Only the lines from the one containing "Lampe à suspendre" to the end of the data are wanted; print them exactly as they appear.

Scraped caption text data

══════════

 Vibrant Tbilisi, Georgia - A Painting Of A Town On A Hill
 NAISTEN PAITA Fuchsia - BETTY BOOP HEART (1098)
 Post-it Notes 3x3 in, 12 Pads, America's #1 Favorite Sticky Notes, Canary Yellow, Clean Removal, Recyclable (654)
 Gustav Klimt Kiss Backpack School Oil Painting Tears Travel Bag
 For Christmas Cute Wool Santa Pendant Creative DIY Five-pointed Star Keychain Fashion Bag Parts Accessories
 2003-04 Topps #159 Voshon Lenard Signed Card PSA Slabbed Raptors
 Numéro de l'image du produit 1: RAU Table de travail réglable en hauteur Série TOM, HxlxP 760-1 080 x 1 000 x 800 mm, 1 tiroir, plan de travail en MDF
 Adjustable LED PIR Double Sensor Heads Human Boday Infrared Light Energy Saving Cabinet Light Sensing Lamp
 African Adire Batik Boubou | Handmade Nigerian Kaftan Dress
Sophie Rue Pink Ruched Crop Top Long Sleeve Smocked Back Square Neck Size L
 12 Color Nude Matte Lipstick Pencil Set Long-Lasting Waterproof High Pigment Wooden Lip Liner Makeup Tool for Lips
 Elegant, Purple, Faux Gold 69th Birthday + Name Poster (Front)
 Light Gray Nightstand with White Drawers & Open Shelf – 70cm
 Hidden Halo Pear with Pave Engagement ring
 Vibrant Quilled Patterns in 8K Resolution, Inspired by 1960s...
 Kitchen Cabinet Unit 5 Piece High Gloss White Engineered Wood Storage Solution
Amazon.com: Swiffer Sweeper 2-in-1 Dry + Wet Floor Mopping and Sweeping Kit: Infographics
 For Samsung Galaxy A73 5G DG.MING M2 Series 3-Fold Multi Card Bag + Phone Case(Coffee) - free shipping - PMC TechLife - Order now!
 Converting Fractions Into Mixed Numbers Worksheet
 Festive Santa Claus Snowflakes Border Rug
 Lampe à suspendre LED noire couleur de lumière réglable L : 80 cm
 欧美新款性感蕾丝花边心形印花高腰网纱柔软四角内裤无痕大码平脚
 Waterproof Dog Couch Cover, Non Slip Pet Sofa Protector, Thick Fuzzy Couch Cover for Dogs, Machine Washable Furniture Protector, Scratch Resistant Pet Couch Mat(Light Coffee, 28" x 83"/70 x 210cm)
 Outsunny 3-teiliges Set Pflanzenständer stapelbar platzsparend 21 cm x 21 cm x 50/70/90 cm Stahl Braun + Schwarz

══════════

### Your response:
 Lampe à suspendre LED noire couleur de lumière réglable L : 80 cm
 欧美新款性感蕾丝花边心形印花高腰网纱柔软四角内裤无痕大码平脚
 Waterproof Dog Couch Cover, Non Slip Pet Sofa Protector, Thick Fuzzy Couch Cover for Dogs, Machine Washable Furniture Protector, Scratch Resistant Pet Couch Mat(Light Coffee, 28" x 83"/70 x 210cm)
 Outsunny 3-teiliges Set Pflanzenständer stapelbar platzsparend 21 cm x 21 cm x 50/70/90 cm Stahl Braun + Schwarz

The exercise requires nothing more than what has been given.